After a while more of reflective silence, the brown one began speaking: “I been hearin’ ’bout you so mad. You lucky dey ain’t kilt you. Dey could of, an’ been inside de law. Jes’ like when dat white man broke my hand ’cause I got tired of fiddlin’. Law say anybody catch you ’scapin’ can kill you and no punishment for him. Dat law gits read out again eve’y six months in white folks’ churches. Looka here, don’t start me on white folks’ laws. Startin’ up a new settlement, dey firs’ builds a courthouse, fo’ passin’ more laws; nex’ build-in’s a church to prove dey’s Christians. I b’lieve all dat Virginia’s House of Burgess do is pass more laws ’gainst niggers. It’s a law niggers can’t carry no gun, even no stick that look like a club. Law say twenty lashes you get caught widdout a travelin’ pass, ten lashes if’n you looks white folks in dey eyes, thirty lashes if’n you raises your hand ’gainst a white Christian. Law say no nigger preachin’ lessen a white man dere to listen; law say can’t be no nigger funeral if dey think it’s a meetin’. Law say cut your ear off if’n white folks swear you lied, both ears if dey claim you lied twice. Law say you
kill
anybody white, you hang; kill ’nother nigger, you jes’ gits whipped. Law say reward a Indian catchin’ a ’scaped nigger wid all de tobacco dat Indian can carry. Law ’gainst teachin’ any nigger to read or write, or givin’ any nigger any book. Dey’s even a law ’gainst niggers beatin’ any drums—any dat African stuff.”

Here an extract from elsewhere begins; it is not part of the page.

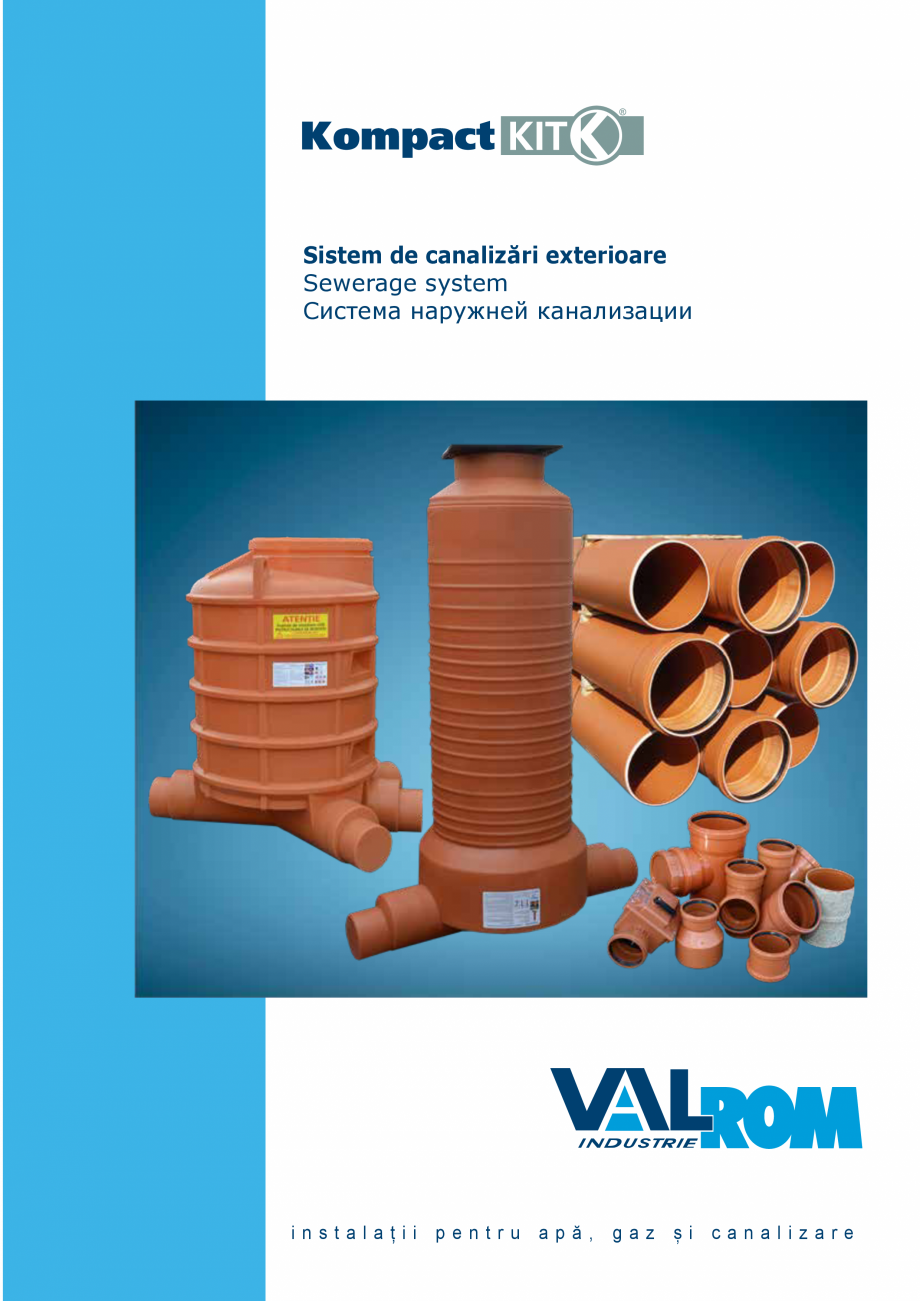 Pagina 1-Sistem de canalizari exterioare VALROM SN2÷SN8, SN10, PE100RC, PE100RC, cu acoperire...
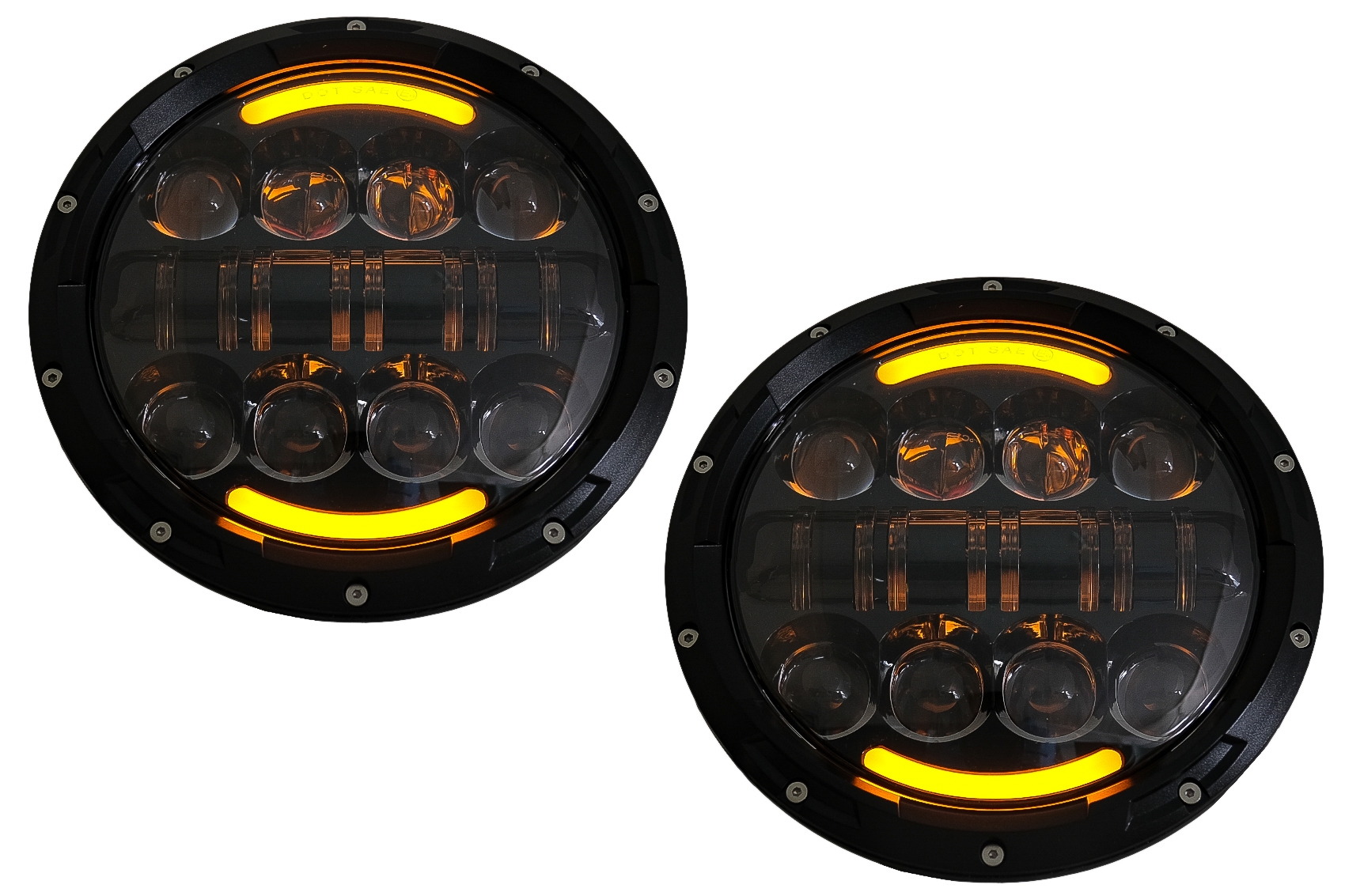7 hüvelykes CREE LED fényszórók Angel Eye Amber Halo DRL alkalmas Jeep Wrangler JK TJ LJ Land ROVER Defender Mercedes W463 fekete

Kunta sensed that the brown one knew he couldn’t understand, but that he both liked to talk and feel that Kunta’s listening might somehow bring him at least closer to comprehension. Looking at the brown one’s face as he spoke, and listening to his tone, Kunta
felt he almost
could
understand. And it made him want to both laugh and cry that someone was actually talking to him as one human being to another.
“’Bout your foot, looka here, it ain’t jes’ foots and arms but dicks an’ nuts gits cut off. I seen plenty ruined niggers like dat still workin’. Seen niggers beat till meat cut off dey bones. Nigger women’s full of baby gits beat layin’ face down over a hole dug for dey bellies. Niggers gits scraped raw, den covered with turpentine or salt, den rubbed wid straw. Niggers caught talkin’ ’bout revolt made to dance on hot embers ’til dey falls. Ain’t hardly nothin’ ain’t done to niggers, an’ if dey die ’cause of it, ain’t no crime long as dey’s owned by whoever done it, or had it done. Dat’s de law. An’ if you thinks dat’s bad, you ought to hear what folks tell gits did to dem niggers dat some slaveboats sells crost the water on dem West Indies sugar plantations.”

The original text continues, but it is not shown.